## Data extracted from a collection
+ + +
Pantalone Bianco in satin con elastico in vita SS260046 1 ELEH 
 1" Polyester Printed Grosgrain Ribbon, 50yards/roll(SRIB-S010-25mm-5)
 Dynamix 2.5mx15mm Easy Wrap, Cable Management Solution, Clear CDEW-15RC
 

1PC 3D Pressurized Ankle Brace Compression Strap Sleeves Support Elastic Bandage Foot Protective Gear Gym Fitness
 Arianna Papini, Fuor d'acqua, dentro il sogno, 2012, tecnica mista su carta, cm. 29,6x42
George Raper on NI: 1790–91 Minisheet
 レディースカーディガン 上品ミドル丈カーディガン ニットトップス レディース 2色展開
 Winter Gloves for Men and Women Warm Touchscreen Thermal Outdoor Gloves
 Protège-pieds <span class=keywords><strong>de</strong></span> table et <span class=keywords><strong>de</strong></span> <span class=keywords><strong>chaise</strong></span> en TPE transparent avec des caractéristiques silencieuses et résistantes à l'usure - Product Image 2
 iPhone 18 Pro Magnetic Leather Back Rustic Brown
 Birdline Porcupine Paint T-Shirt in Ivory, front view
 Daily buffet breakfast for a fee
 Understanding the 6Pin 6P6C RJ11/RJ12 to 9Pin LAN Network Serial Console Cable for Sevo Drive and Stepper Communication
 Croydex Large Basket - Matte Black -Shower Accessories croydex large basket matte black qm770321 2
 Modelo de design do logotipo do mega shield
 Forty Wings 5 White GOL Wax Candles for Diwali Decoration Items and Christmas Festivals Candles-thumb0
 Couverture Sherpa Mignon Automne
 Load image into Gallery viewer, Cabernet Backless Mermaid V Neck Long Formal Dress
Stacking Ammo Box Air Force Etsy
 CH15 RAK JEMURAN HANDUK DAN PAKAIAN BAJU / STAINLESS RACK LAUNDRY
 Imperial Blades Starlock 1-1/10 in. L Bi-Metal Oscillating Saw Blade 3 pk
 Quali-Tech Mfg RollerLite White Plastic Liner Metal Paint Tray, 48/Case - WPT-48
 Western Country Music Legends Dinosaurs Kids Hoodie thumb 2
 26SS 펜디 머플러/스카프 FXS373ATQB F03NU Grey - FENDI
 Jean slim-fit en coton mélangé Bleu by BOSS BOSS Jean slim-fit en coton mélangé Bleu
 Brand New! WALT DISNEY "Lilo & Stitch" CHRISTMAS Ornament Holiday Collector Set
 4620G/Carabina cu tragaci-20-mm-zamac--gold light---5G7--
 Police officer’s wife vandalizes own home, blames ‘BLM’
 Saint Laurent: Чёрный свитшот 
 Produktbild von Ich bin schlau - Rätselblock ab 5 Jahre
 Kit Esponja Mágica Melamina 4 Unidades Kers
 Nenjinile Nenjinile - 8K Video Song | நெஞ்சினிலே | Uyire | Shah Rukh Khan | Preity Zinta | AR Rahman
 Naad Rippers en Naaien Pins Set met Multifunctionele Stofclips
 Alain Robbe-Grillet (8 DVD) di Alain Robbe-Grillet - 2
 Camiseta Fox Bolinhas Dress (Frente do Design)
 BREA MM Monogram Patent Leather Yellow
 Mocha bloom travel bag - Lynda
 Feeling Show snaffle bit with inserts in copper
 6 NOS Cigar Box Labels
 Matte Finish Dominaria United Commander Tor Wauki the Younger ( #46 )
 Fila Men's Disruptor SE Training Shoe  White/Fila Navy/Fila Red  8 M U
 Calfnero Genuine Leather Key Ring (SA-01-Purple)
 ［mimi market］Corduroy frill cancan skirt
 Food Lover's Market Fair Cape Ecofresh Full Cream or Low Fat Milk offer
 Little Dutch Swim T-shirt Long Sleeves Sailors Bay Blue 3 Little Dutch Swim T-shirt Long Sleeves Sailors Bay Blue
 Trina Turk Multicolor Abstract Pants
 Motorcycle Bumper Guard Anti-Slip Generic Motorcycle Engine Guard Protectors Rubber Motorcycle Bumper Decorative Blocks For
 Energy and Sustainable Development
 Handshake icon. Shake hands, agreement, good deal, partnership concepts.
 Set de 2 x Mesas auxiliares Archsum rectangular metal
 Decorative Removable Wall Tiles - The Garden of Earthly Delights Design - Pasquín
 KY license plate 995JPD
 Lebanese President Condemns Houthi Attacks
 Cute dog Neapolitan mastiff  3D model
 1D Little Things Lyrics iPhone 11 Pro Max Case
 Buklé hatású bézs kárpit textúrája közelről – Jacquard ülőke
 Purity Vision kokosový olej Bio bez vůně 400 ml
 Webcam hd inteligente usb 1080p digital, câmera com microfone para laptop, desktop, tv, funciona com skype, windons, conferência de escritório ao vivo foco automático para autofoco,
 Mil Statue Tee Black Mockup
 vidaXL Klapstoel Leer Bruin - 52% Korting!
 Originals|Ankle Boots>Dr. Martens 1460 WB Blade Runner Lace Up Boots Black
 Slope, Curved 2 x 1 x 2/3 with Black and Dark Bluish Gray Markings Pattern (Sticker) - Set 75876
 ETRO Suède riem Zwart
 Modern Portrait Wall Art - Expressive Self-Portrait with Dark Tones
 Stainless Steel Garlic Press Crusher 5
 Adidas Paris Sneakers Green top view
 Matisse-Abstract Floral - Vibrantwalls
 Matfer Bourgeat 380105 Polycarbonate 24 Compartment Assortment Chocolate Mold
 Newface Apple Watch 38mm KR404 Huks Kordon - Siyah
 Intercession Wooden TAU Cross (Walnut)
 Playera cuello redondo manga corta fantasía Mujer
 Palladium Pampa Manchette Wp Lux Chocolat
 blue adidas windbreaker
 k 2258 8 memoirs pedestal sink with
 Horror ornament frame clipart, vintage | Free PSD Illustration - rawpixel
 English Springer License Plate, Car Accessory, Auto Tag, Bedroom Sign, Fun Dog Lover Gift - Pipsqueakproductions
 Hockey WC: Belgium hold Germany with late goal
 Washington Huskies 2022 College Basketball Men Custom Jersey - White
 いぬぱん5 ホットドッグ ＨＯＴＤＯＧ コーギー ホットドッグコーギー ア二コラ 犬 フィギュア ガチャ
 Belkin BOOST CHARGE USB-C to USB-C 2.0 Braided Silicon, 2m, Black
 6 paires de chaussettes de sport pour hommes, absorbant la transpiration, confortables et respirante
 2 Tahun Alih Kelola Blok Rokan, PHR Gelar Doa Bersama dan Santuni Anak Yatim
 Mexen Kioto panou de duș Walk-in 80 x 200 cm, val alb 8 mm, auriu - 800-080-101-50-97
+ + +
## Description of the task
Using the records above, please repeat the line with "2 Tahun Alih" and every line after it exactly, and give no other text.

## Written response
 2 Tahun Alih Kelola Blok Rokan, PHR Gelar Doa Bersama dan Santuni Anak Yatim
 Mexen Kioto panou de duș Walk-in 80 x 200 cm, val alb 8 mm, auriu - 800-080-101-50-97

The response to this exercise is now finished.